Typhoon Rammasun, known locally as Glenda, is now over the South China Sea, packing maximum sustained winds of 140 kilometers per hour (87 mph) and gusts of as much as 170 kph, the weather bureau said in a 5 p.m. advisory. The storm will exit Philippine territory tomorrow afternoon, it said.
Rammasun is headed in the direction of either China or more likely Vietnam, according to Alvin Pura, a weather forecaster.
At least six people were killed by falling trees or collapsing walls, Alexander Pama, executive director of the government’s disaster risk agency, said in a televised briefing. The typhoon displaced more than 338,000 people and damaged at least 321 homes, Social Welfare Secretary Dinky Soliman said in another briefing.
“The objective has to be to minimize the casualties and the hardship of our people,” President Benigno Aquino said yesterday. Aquino was monitoring the response to the disaster from his office in Manila today, his spokesman Edwin Lacierda said in a mobile-phone message.

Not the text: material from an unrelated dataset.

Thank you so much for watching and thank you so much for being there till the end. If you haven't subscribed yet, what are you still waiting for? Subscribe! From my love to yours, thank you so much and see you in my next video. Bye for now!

The lowest alert in a four-scale warning system is still in effect for several areas including Metro Manila. Government offices and schools in the capital and all areas under at least a Signal 2 -- the third-highest alert -- were closed today, except for agencies involved in vital services and disaster response. There was no trading and settlement in the currency and bond markets and the Philippine Stock Exchange was shut.

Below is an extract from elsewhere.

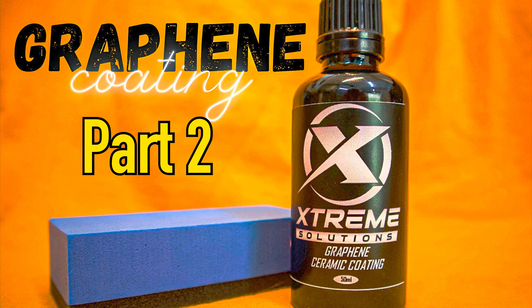Hello, welcome aboard! Thank you for joining us for part two of the Extreme Solutions graphene ceramic coating one week after installation. Today we're going to be doing a quick maintenance cleaning.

Schools in most cities in the metropolis will remain closed tomorrow, according to a government website.
Manila Electric Co. said power was cut to almost 90 percent of its customers in the capital and nearby provinces, where about a fourth of the nation’s 107 million people live. Strong winds toppled power poles and brought down transmission lines, the company said on its Facebook page, without giving an estimate on when supply may be restored. Eleven provinces were still without electricity, the disaster agency’s Pama said.

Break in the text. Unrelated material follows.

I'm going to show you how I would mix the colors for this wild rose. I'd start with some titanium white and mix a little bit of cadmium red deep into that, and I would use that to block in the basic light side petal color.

The company targets to bring power back to 60 percent of the capital, Energy Secretary Jericho Petilla said in an interview with ABS-CBN News Channel.
As many as 6,000 people were stranded in ports, with at least 11 roads and one bridge outside Manila impassable, the National Disaster Risk Reduction and Management Council said in a 6 a.m. update. About 230 international and local flights were canceled, Pama said.
A Singapore Airlines Ltd. plane came into contact with an aerobridge at the Ninoy Aquino International Airport in Manila as strong winds moved the aircraft, the company said by e-mail. A Malaysian Airline System Bhd plane damaged its fuselage after it hit a set of service stairs stationed nearby while it was parked at the cargo terminal, Manila airport general manager Jose Angel Honrado said.
“The Malaysians and Singaporeans are assessing their aircraft to decide on what to do,” Honrado said by phone. The airlines were asked to secure the planes to prevent further damage, he said.
The typhoon grounded a ferry in Batangas province and a cargo vessel in Cavite, the Radyo Inquirer reported, citing Coast Guard spokesman Commander Armand Balilo, adding that no one was hurt.
Strong winds damaged part of an external wall at one of Ayala Land Inc.’s malls in the Makati financial district, the company said in an e-mail, with no injuries.
The Philippines, battered by cyclones that form over the Pacific Ocean, is the second most-at-risk nation globally from tropical storms, after Japan, according to Maplecroft, a research company based in Bath, England.
Super Typhoon Haiyan, the strongest storm in the world to hit land, killed more than 6,200 people in the Philippines in November and left more than a thousand missing. Haiyan, the equivalent of a Category 5 hurricane, had top winds of almost 196 miles per hour and winds as fast as 235 mph, the U.S. Navy’s Joint Typhoon Warning Center said.
As many as 10 typhoons may develop or enter the Philippines in the third quarter.
A 45-year-old woman and her 18-year-old son who were gathering grass to feed cattle were killed on July 14 after they were struck by lightning in Batangas, a province south of Manila, the police said. A 25-year-old woman in Northern Samar died after she was hit by a toppled electricity post, the government’s risk agency said. Three fishermen went missing yesterday off the island province of Catanduanes.
In Albay where the storm first hit and which has been placed under a state of calamity, trees were uprooted and some homes made from light wood damaged, Colonel Raul Farnacio, a provincial army commander said in a mobile-phone message.
At least a dozen high-voltage power transmission lines have been affected, isolating the Bicol region where the storm made landfall, transmission company National Grid Corp. of the Philippines said in a 7 a.m. update.